Mason has macular degeneration. The first time he used the device he went from being unable to see an optician’s sight chart to being able to read the entire board. While users aren’t advised to wear SightPlus when walking around, due to his experience with the device Mason says he is able to take it with him when shopping to pick out clothes and food.

Once a person has SightPlus on, they can use a remote control to adjust the level of enhancement they need. Watching television will obviously require different settings to reading a book and the image SightPlus displays can be adjusted accordingly.

The colour scheme can also be adjusted to a level which is comfortable, and the device can adjust in real time to the lighting conditions surrounding the user. Users are also able to take screenshots of what they’re looking at, which Karpenko suggests could be particularly useful for students who want to take photos of lecture slides.

Downsizing and diagnostics

Currently, patients can access the device through GiveVision. It can be purchased outright for £2,955, or accessed through a monthly subscription plan, which costs £495 in down payments followed by a monthly instalment of £55. Otherwise, patients can apply to be part of a future trial into the efficacy of the device. The device has also been approved for financial coverage through the UK’s Disabled Student Allowance and Access to Work Allowance schemes, so people who could benefit from the device in their place of study or work can access it more easily.

GiveVision is now in the process of developing a less bulky, more wearable version of SightPlus.

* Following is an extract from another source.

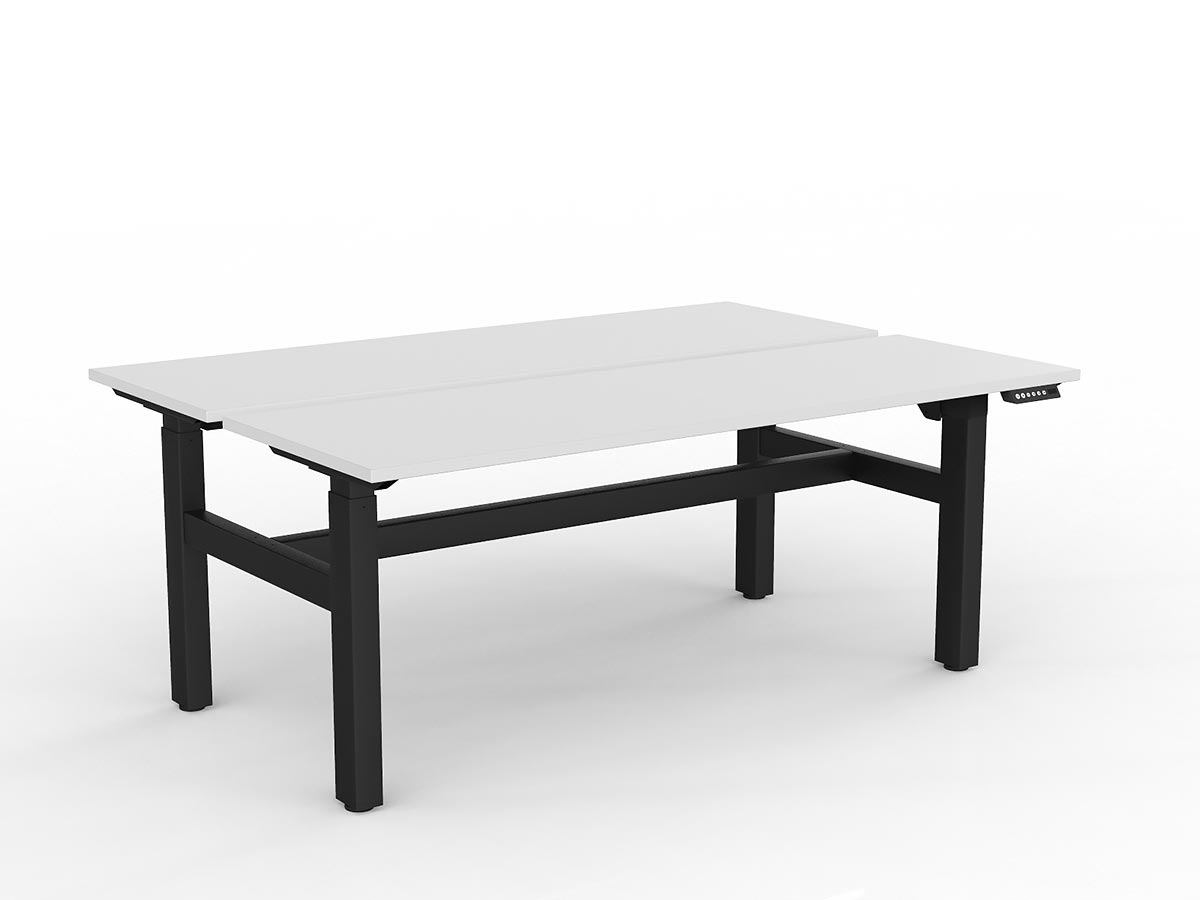 OL Agile 2 Column Electric Height Adjustable Shared Desk White Top Black Frame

Karpenko says: “We’re in the late stages of manufacturing the new device. It will be smaller and it will be lighter, less than 100g of pressure on your nose bridge in terms of the overall weight. It will be a lot more comfortable and you can wear it for longer.”

As well as being a better size, the new version will come with certain diagnostic capabilities. It will be able to track disease progression and potentially notify a person’s doctor if their vision is getting worse. For patients with conditions which need close monitoring, such as those with diabetic retinopathy who need to have sight tests every three to six months, this could be life-altering.

Karpenko says: “We have a lot of cases of underdiagnosed conditions that could have been prevented. I think that adding diagnostic elements to our device is going to make it a lot more useful for the healthcare system, and patients too.”

Not everybody has found themselves enamoured with SightPlus. Less than half of the participants in the Moorfields Eye Hospital study indicated that they would actually choose to use the device in their daily life, particularly those who had been affected by sight loss for longer. Mason is one of six brothers, five of whom have macular degeneration, and he’s struggled to get his siblings interested in the product. But for those who find it works for them may well find it life-changing.